Eu tenho escrito todos os dias para o desafio de escrita da Maíra Ferreira:
Vai lá no insta ver o que tenho criado:
Tudo pode ser roubado - Giovana Madalosso
Tudo pode ser roubado. Um paletó chique, uma edição única d’O Guarani, uma amizade verdadeira, a possibilidade de se apaixonar. Eu amei esse livro (que devorei em poucos dias).
Aí vão alguns trechos que eu sublinhei:
“Essa era a São Paulo de que eu gostava, a São Paulo depois do expediente, quando as pessoas afrouxavam a gravata e deixavam entrever, como flores sinistras rebentando pelo corpo, as marcas de viver numa cidade tão obcecada com a produtividade. Porque, no final, a verdade sobre uma cidade é esta: o que sobra de cada um depois que as luzes dos escritórios se apagam.”
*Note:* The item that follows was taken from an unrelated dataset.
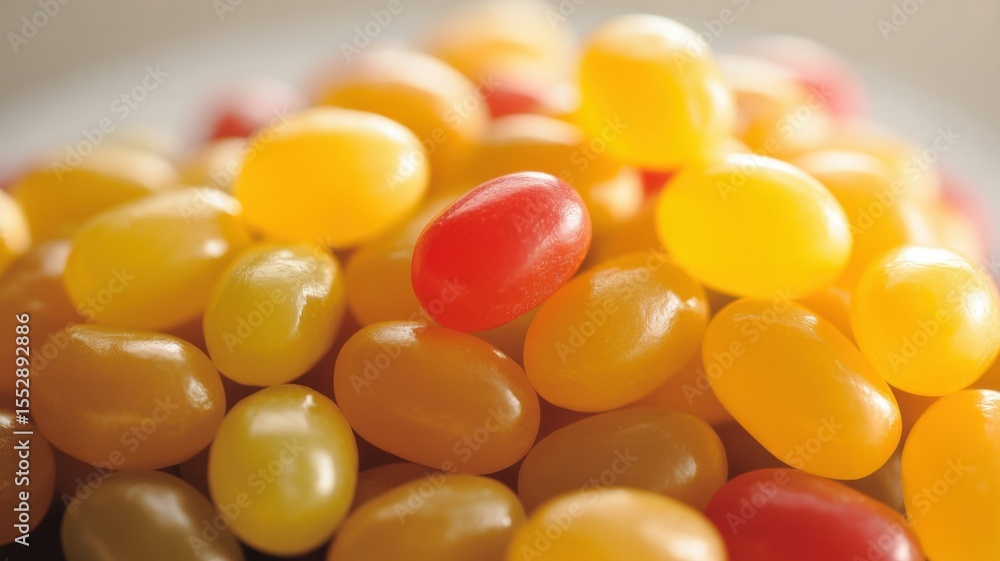 Fototapeta premium Colorful assortment of jelly beans with focus on single red candy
“O que a fez se reaproximar de mim eram coisas miúdas que cintilavam dentro dela, loucas para ser admiradas, divididas. Vistas sob uma nova luz.”
“Um medo pode ser infundado, mas a dor gerada por ele é real. A dor é sempre real.”
“Outra ironia da situação, porque, logo quando você deve ser mais fiel a você mesma, é quando você se desfigura. Mas é a vida, só mais um entre tantos desencontros.”
Que alegria te ter por aqui!
Que delicia descobrir seus escritos!
Tenho gostado muito de acompanhar as suas percepções do dia a dia da vida Bruna.